Un Día Volveré
mayo 13, 2015Un día volveré
Ni siquiera intentábamos convencernos ni convencer a nadie de virginidades y blasfemias
Mientras el gobernador de la Florida -con una anacrónica, verde y desechable camarita de tres dólares-, se empeñaba en captarle el ángulo favorable a su hermanito en su segunda juramentación en la Casa Blanca, Ramón y yo volvíamos a nuestras andadas. Esta vez no nos movían motivos para oír a Tito, ni siquiera intentábamos convencernos ni convencer a nadie de virginidades y blasfemias. Nos acompañaban Ruth y Carmen, en una travesía de casi dos mil millas por carretera (más de dos veces la extensión territorial de RD). Íbamos camino a Nueva Orleáns, con parada en San Agustín.

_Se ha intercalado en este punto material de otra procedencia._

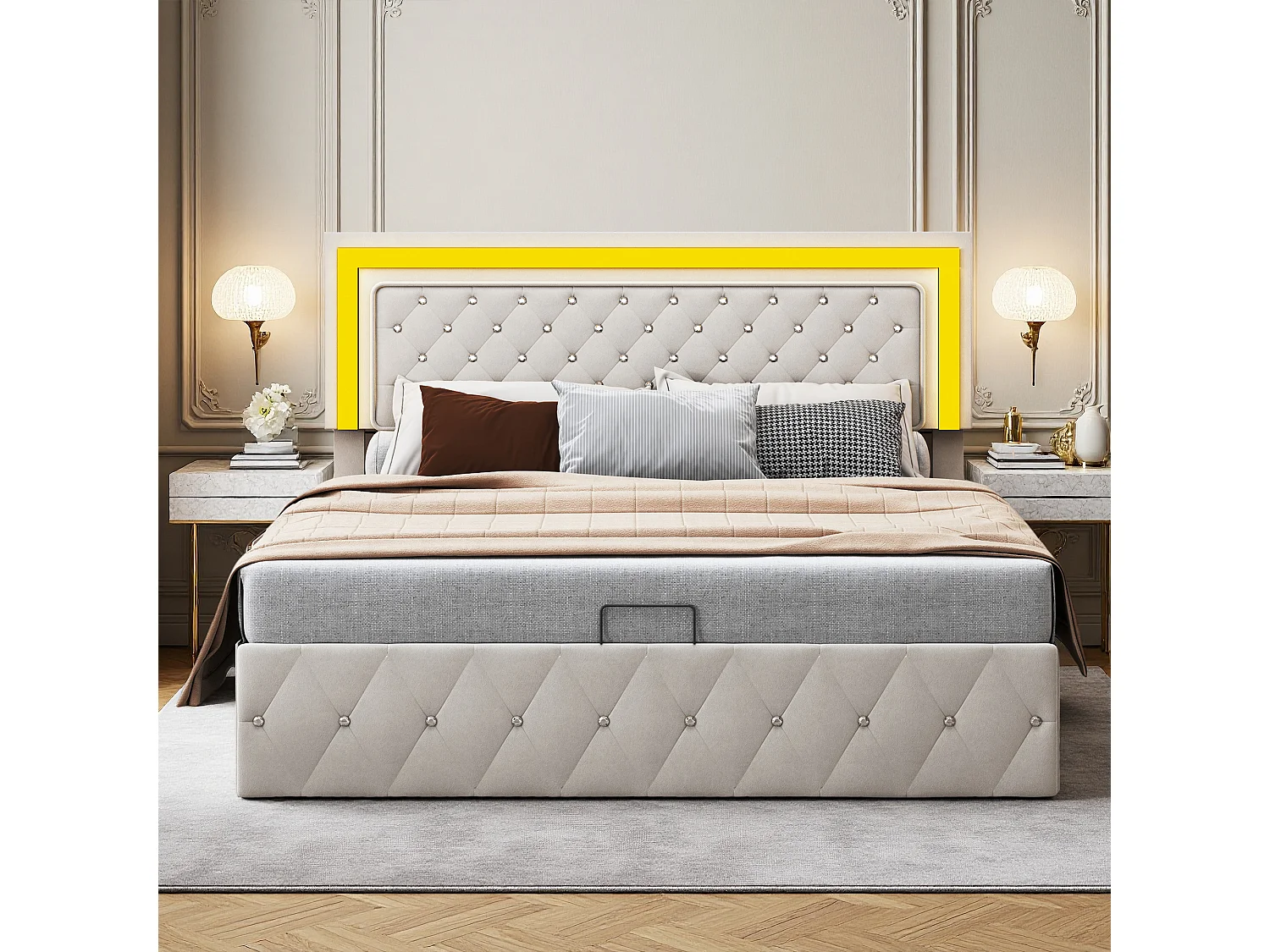 Lit 160x200 cm - NEXU - lit coffre 160x200 cm avec LED - cadre de lit adulte 160x200 cm avec sommier à lattes - tissu en velours - beige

Luego del caluroso encuentro en el aeropuerto de Miami, a medida que subíamos hacia el norte, descendía la temperatura y aumentaba nuestra ansiedad por llegar a una ciudad que nos haría sentirnos como en casa. Su trazado, sus edificaciones y hasta el color habría de remitirnos al tan amado espacio de la Zona Colonial que tanto recorrimos en interminables noches de miércoles. Era viernes y, sobre todo a las tres de la madrugada, era difícil encontrar siquiera duendes en las calles. Mucho menos cervezas y otros etílicos espíritus para espantar el frío y cierto asomo de cansancio. Luego de un agitado bureo por callejones, cementerios y gift shops, plenos de descoloridos y abrigados turistas, cambiamos rumbo hacia el oeste y, entre historias y canciones de éste y de otros tiempos, desfilaban ante nosotros los carteles de salidas hacia ciudades, muchas de las cuales conocíamos de oídas por las noticias o por el cine. Un mapa que se desdibujaba en el millero del auto que, como brioso caballo galopaba sobre las líneas imaginarias y los puentes del atardecer que nos encaminaba hacia el otro arribo amaneciendo a la mítica ciudad a orillas del Mississippi. Si en callejuelas, bordones y entrepaños de San Agustín se respiran aires de la España Medieval, en los balcones, ventanales y ferryboats de Nueva Orleáns late la presencia de Francia. La música, los colores, la calidez de la gente nos provocaba cuestionarnos: ¿estamos en USA? Ni un solo troglodita policía con su trusa ajustada se manoseaba la pistola, los celulares y los genitales frente a la gente que desafiaba la fría noche para celebrar el Mardi Gras. Creo que entre saxos, tubas, trompetas, trombones y danzantes, nos quedamos perdidos en los acordes de un pueblo donde hasta el silencio sabe a ciencia cierta cuando y donde combinar con arte los sonidos y el tiempo.